───── Records provided ─────

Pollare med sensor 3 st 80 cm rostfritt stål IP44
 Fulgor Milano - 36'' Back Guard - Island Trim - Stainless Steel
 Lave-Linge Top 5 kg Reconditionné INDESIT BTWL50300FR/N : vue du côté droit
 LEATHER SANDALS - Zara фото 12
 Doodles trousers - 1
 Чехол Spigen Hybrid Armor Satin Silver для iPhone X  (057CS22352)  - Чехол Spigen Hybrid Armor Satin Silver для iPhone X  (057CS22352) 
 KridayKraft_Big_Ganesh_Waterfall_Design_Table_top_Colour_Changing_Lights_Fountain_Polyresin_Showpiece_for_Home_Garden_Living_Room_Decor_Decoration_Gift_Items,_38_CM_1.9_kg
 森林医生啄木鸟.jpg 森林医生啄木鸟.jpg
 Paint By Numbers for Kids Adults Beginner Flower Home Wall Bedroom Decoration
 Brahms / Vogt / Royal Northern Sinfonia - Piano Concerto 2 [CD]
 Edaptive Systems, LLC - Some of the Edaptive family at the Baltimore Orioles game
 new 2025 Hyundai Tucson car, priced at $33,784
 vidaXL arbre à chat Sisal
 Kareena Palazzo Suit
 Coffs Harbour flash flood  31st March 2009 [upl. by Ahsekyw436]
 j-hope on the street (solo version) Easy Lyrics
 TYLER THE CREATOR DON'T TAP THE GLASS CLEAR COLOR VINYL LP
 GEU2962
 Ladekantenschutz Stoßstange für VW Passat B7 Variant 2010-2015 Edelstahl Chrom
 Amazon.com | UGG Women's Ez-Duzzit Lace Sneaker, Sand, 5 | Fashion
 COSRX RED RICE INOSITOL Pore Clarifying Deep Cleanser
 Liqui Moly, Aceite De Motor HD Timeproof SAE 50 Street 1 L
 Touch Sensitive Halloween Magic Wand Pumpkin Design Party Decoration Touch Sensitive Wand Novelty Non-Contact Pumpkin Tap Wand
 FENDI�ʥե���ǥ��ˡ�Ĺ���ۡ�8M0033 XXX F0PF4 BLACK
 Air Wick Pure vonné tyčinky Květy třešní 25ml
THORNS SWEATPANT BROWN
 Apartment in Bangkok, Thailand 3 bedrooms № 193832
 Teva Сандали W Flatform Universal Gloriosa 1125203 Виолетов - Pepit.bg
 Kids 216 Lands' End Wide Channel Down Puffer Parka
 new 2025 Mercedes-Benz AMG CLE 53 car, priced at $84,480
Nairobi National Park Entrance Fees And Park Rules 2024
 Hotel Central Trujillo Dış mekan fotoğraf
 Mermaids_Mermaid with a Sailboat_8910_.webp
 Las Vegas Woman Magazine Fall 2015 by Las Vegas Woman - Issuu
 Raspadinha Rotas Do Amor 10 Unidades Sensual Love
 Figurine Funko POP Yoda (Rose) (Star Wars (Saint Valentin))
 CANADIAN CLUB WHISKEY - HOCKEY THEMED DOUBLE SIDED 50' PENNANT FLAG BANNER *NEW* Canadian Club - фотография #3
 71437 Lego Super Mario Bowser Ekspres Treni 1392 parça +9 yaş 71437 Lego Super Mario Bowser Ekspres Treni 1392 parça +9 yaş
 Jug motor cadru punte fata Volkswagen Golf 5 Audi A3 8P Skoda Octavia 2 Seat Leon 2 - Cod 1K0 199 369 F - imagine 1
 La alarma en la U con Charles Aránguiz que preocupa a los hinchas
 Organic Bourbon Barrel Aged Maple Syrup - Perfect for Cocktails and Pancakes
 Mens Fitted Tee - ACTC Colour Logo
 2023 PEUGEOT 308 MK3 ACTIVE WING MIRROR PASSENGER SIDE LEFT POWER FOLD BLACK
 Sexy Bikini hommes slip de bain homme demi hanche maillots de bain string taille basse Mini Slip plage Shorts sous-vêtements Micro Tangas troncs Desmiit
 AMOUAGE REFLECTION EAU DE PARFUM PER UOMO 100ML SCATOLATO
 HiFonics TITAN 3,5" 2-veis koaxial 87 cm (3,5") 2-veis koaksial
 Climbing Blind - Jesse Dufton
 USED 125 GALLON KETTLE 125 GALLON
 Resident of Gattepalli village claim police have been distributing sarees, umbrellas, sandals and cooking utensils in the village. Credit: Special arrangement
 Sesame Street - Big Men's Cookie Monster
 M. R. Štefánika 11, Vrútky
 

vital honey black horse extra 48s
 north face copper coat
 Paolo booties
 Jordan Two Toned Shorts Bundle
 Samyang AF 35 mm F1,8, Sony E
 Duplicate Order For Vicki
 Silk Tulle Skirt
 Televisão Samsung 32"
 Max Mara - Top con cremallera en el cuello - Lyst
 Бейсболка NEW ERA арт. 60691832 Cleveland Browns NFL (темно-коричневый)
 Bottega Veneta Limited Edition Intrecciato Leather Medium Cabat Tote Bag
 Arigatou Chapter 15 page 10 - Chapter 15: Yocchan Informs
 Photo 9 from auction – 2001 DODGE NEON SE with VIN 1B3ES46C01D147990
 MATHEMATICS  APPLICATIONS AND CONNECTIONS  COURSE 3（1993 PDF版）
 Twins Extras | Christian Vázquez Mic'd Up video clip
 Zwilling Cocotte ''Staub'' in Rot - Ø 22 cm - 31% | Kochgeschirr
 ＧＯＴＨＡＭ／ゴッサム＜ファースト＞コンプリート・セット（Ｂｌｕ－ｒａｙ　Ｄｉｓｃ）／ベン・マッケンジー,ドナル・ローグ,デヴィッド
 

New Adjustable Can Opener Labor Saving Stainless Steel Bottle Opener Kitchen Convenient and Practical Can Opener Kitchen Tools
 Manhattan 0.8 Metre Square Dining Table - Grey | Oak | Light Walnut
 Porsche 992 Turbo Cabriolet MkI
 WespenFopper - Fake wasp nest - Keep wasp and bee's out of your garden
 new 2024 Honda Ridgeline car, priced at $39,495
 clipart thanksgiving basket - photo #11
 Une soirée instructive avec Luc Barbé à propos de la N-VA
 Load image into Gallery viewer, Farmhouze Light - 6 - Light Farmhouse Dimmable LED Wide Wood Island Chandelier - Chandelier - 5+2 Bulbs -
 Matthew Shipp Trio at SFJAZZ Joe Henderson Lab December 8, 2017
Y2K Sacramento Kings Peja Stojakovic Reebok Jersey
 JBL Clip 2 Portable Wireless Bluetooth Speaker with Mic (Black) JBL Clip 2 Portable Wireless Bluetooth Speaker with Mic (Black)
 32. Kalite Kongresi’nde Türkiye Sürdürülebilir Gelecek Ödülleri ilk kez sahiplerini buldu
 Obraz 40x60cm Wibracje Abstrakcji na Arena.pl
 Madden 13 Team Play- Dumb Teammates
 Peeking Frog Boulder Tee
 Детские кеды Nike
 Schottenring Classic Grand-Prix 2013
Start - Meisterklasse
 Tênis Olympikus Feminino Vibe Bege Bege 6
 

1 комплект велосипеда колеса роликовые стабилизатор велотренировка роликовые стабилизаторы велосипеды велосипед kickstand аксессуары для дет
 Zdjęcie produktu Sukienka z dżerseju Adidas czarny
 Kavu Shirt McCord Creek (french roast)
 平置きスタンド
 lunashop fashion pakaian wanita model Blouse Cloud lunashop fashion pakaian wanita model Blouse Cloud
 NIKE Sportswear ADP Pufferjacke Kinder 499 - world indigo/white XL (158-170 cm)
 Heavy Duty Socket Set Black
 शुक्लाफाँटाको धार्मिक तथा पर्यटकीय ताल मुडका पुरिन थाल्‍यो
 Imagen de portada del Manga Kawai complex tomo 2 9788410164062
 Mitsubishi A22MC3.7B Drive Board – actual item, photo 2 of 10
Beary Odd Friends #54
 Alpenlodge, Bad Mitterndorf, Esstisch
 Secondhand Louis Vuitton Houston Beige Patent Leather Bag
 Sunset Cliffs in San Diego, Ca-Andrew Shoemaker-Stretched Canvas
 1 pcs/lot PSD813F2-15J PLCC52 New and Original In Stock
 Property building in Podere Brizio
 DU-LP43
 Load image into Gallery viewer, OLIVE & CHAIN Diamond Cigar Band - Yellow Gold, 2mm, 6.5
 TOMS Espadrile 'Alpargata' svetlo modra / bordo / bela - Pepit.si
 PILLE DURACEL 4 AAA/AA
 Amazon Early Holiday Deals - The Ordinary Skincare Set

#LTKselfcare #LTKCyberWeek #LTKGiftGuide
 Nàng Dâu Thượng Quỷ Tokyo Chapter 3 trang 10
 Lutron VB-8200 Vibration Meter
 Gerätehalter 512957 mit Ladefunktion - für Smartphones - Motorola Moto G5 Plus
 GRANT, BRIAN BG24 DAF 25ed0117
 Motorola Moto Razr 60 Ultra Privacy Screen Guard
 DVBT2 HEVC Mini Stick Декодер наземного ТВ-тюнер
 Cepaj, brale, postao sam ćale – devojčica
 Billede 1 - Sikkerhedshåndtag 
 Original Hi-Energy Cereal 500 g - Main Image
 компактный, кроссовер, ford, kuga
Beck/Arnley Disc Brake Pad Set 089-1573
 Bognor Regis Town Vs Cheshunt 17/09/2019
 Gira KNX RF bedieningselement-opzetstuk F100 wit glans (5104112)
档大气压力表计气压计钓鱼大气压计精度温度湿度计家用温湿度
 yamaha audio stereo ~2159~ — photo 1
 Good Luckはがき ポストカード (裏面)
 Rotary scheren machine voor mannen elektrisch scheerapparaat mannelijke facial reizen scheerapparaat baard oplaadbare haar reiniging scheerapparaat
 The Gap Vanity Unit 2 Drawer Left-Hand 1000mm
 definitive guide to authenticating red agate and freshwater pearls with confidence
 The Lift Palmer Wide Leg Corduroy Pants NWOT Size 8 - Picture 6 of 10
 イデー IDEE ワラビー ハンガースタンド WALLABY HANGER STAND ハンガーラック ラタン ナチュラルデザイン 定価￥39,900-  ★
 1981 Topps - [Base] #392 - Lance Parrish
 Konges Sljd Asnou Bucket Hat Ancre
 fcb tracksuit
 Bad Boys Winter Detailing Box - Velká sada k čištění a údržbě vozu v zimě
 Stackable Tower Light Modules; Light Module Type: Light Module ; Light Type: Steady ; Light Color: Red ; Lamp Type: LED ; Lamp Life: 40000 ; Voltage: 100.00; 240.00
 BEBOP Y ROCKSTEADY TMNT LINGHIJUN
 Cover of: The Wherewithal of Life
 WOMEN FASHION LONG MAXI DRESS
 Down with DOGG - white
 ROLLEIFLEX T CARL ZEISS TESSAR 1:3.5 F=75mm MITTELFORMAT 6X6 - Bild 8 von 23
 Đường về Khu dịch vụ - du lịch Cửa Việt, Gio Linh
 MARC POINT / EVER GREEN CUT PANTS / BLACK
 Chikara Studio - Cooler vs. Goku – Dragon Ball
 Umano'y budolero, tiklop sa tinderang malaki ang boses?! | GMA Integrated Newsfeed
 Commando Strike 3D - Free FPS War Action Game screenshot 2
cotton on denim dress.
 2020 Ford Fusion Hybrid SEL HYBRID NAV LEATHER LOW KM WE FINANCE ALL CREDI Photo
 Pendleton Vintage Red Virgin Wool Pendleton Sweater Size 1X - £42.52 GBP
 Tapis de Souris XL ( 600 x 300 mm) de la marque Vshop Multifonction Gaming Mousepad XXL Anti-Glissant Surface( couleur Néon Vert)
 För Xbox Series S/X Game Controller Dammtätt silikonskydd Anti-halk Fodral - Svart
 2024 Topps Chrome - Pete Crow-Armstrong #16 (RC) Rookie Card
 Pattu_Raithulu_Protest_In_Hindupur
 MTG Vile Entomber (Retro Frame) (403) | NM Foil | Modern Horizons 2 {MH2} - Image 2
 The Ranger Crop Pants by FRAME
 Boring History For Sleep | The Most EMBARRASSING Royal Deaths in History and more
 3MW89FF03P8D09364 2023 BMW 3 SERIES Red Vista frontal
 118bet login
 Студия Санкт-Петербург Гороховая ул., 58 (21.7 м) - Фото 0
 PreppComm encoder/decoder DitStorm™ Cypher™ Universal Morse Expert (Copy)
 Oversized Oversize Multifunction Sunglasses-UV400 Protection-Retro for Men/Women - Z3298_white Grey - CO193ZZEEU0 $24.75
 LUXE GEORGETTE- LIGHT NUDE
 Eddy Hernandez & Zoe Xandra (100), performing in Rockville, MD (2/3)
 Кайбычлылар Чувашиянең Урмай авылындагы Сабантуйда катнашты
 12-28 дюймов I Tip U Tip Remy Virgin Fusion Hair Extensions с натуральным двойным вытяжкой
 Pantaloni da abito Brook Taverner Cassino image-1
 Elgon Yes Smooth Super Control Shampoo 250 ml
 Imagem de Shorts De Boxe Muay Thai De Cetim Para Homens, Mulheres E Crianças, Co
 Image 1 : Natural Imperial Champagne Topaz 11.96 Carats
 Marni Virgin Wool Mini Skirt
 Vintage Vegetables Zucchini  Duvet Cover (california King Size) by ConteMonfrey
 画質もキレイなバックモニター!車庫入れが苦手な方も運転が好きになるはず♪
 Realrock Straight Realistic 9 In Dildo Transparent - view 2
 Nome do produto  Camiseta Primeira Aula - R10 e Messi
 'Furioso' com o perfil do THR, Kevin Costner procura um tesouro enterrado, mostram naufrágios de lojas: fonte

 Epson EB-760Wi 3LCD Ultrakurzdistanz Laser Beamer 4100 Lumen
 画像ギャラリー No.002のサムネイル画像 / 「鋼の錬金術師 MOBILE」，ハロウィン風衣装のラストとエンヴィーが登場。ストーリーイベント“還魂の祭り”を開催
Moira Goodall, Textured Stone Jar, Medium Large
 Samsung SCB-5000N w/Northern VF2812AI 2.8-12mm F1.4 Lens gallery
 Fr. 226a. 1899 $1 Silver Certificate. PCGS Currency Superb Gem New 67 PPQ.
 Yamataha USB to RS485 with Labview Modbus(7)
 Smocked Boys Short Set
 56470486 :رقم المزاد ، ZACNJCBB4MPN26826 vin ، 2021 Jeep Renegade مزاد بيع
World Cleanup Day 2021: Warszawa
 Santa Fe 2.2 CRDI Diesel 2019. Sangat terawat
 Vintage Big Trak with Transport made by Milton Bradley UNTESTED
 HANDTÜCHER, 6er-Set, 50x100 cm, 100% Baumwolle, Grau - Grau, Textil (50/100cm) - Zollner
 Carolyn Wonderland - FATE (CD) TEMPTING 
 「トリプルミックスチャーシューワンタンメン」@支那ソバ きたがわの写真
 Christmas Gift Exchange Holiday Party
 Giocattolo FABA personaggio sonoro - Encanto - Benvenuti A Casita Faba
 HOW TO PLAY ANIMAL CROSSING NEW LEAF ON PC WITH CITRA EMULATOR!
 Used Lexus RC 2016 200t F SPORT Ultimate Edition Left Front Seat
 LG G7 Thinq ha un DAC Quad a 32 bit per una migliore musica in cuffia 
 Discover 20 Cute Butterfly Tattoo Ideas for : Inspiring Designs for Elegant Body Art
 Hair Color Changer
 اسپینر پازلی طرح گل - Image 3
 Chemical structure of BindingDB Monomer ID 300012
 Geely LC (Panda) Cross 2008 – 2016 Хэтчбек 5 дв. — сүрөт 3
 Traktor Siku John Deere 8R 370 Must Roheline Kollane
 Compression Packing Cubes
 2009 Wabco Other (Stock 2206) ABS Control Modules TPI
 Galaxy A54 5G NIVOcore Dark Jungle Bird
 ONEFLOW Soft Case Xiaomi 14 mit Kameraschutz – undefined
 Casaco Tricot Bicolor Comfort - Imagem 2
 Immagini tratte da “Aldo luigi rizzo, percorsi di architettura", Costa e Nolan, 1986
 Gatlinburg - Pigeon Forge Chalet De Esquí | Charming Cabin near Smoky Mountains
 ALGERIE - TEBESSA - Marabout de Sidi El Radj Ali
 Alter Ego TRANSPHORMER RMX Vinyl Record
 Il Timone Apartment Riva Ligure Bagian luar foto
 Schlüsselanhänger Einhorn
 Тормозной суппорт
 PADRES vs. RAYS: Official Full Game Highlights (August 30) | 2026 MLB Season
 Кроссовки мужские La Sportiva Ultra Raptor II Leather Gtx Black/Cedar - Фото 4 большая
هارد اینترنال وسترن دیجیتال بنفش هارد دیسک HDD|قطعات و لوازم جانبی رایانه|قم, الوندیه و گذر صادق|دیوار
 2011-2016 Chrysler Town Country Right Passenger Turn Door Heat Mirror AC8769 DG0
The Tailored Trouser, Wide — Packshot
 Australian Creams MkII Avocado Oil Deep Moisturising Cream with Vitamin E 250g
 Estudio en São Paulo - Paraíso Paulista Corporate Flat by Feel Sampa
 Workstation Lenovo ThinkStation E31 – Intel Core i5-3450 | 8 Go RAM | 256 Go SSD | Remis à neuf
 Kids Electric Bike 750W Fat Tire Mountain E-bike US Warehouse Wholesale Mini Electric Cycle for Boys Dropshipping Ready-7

─────

Your objective: Only the lines from the one containing "هارد اینترنال وسترن" through the end of the data above are wanted, both ends included; restate them word for word.

Your response:
هارد اینترنال وسترن دیجیتال بنفش هارد دیسک HDD|قطعات و لوازم جانبی رایانه|قم, الوندیه و گذر صادق|دیوار
 2011-2016 Chrysler Town Country Right Passenger Turn Door Heat Mirror AC8769 DG0
The Tailored Trouser, Wide — Packshot
 Australian Creams MkII Avocado Oil Deep Moisturising Cream with Vitamin E 250g
 Estudio en São Paulo - Paraíso Paulista Corporate Flat by Feel Sampa
 Workstation Lenovo ThinkStation E31 – Intel Core i5-3450 | 8 Go RAM | 256 Go SSD | Remis à neuf
 Kids Electric Bike 750W Fat Tire Mountain E-bike US Warehouse Wholesale Mini Electric Cycle for Boys Dropshipping Ready-7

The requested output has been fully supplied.